While Weston sees the “addition” of the “lance and cup” to the vegetation myths as a late Christian addition to the story, more recent reports state that there are faint images of “instruments of crucifixion” on the Shroud including a spear that have faded over time (see, for example, Whanger and Whanger, The Shroud of Turin). There may be a more direct connection to the English or Norman Templars.
In the last chapter Weston makes a fairly persuasive case pointing to a twelfth century Welsh nobleman Bledri ap Cadivar (Latin Bledhericus) who, according to near contemporaries like Chretien de Troyes, first told the Arthur legends as we know them to the Norman invaders of England and Wales who recorded and adapted them.
Weston said she was hoping to “set forth elements that may prove of real value in study of the evolution of religious belief.” (111) To her it appears that the story of Jesus’ death and resurrection was merely another variation of the Aryan vegetation myth. Eliot, though, was heading in a different direction.
Yes, his Waste Land was the decadent Western culture. He presents it mostly through narratives of people like Mme. Sosostris and the young man carbuncular. Ezra Pound was more blunt when he called the West “an old bitch gone in the teeth.” Pound saw a solution in a return to the old “Aryan” natural religion—as did Adolf Hitler, whom Pound supported.
Eliot, as noted elsewhere in this blog, saw a need for reviving the Fisher King to revive the Waste Land. He begs for mercy in Sanskrit but also asks who the third man walking to Emmaus is. A few years after The Waste Land, Eliot forsook his Unitarian roots and joined the Church of England. Like C. S. Lewis, who was even more enamored of Medieval Romance, at around the same time came to the conclusion that “it really happened once.” People long for life after death; Jesus demonstrated that it is real.
On another note, Weston at one point quotes a Medieval Romance of Owain Miles which tells that after that knight’s vision:
And right amidst that beam of light
He came up. Owain, God’s own knight,
By this knew every man
That he in Paradise had been,
And Purgatory’s pains had seen,
And was a holy man. (2164)
Those lines resemble the closing lines of Coleridge’s “Kubla Khan”:
Weave a circle round him thrice,
And close your eyes with holy dread,
For he on honey-dew hath fed,
And drunk the milk of Paradise.
Can we prove a connection? Maybe someday…(smile)
It did not take long to find the source of that rhyme about Owain. It is from the Medieval Scottish Auchinleck Manuscript that in 1740 came into possession of the father of James Boswell. However, the earliest publication date I could find was 1837, three years after Coleridge died. Unless he had somehow seen a copy or transcript of the MS, it is unlikely that it influenced him directly. For the entire poem see http://auchinleck.nls.uk/mss/patrick.html. The lines translated above are 1159-1163 on that page in the original Middle English.

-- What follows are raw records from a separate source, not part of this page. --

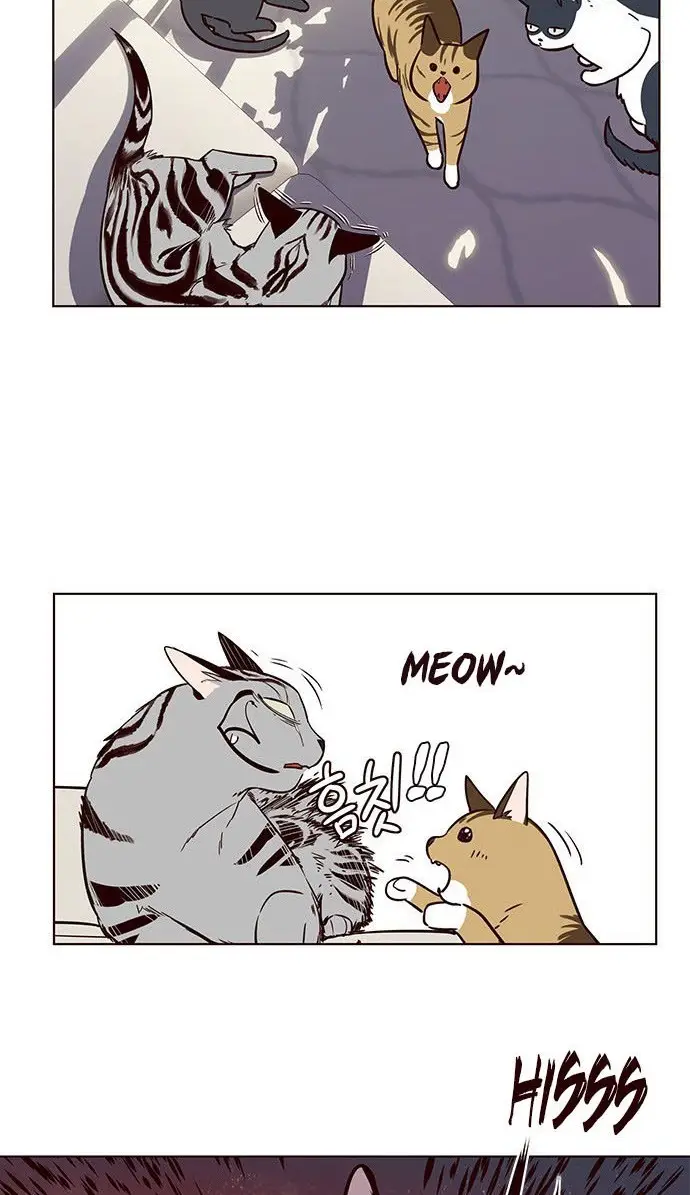 image-komik-eleceed-chapter-7-52/97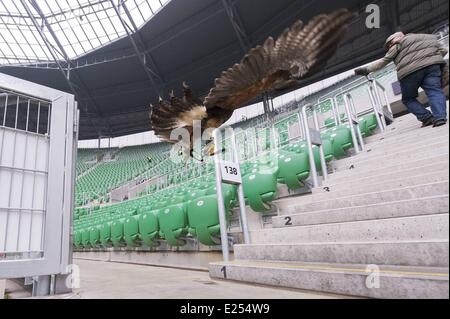 TROJAN HAWK Andrzej Trojaner den Boden Keeper im Stadion Miejski (The Municipal Stadium), Heimat der besten polnischen Fußball Club Śląsk Breslau, beschäftigt ein resident Falke, andere Vögel nisten und allgemeine Schädlingsbekämpfung der Arena abhalten. Die 42.771 fassende Stadion befindet sich auf Aleja Śląska im westlichen Teil des Stadtteils Pilczyce. Gebaut für die Europameisterschaft 2012 ist es die drittgrößte in Polen nach Warschauer Nationalstadion und das Schlesische Stadion.  Mitwirkende: Hawk an das städtische Stadion wo: Wroclaw/Breslau, DOLNOSLASKIE, Polen bei: 28. März 2013 Stockfoto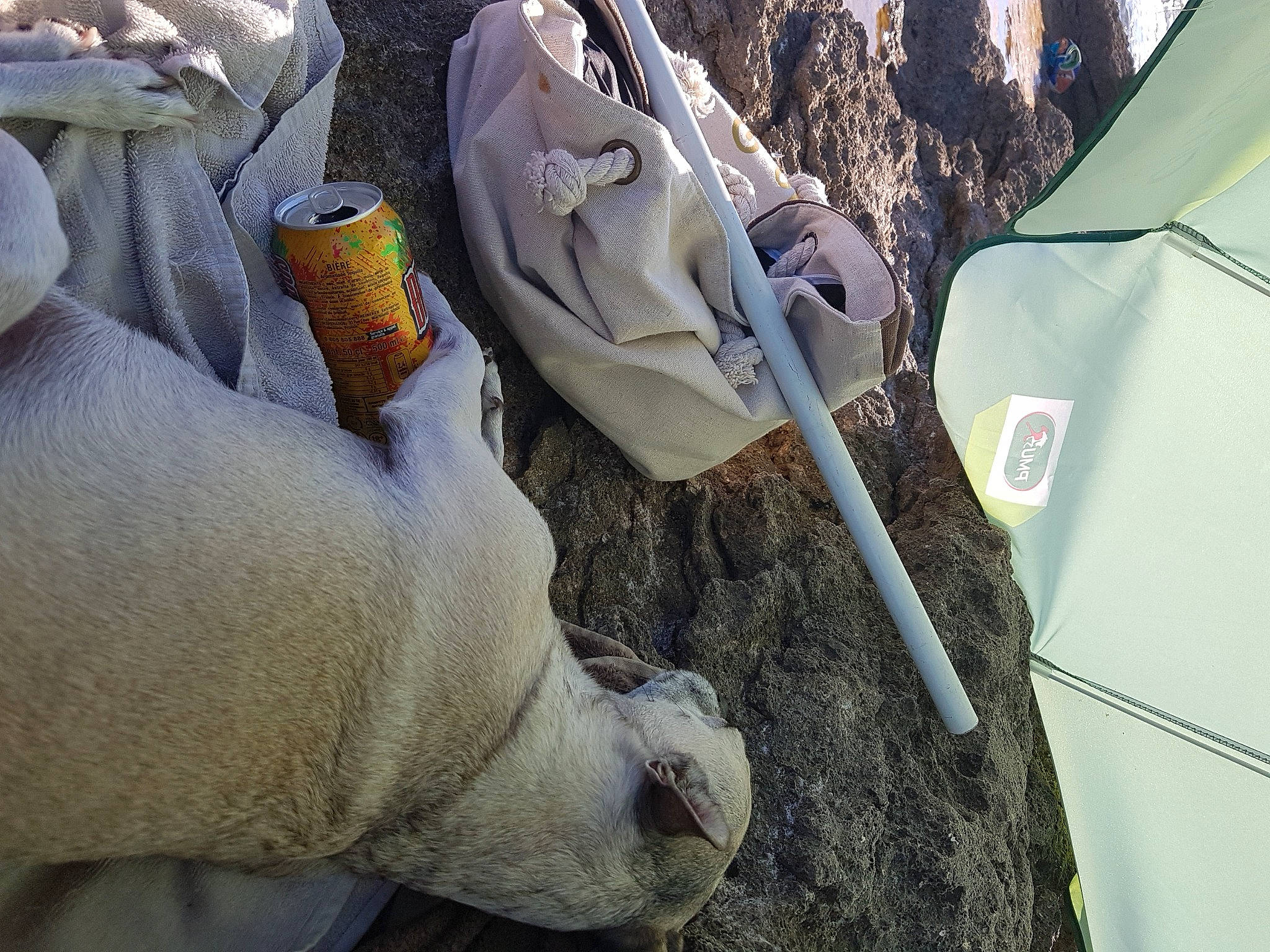 Jerry a rejoint le concours — aidez-le/la à gagner de superbes lots ! art, auto_part, automotive_exterior, automotive_lighting, automotive_tire, automotive_window_part, bag, glass, glove, hood, human_leg, linens, motor_vehicle, safety_glove, vehicle_door, visual_arts, windshield, wood, wool, wrist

I learned recently that Sir Walter Scott published a Medieval version of the Tristram and Isolde legend in 1804 called Sir Tristrem. It went through four editions by 1809. In his introduction, Scott mentions the Auchinleck Manuscript. It is possible—even likely considering the Medieval content—that Coleridge had heard of the manuscript. It is a not unreasonable speculation that Coleridge then may have obtained access to or more information about and from the manuscript.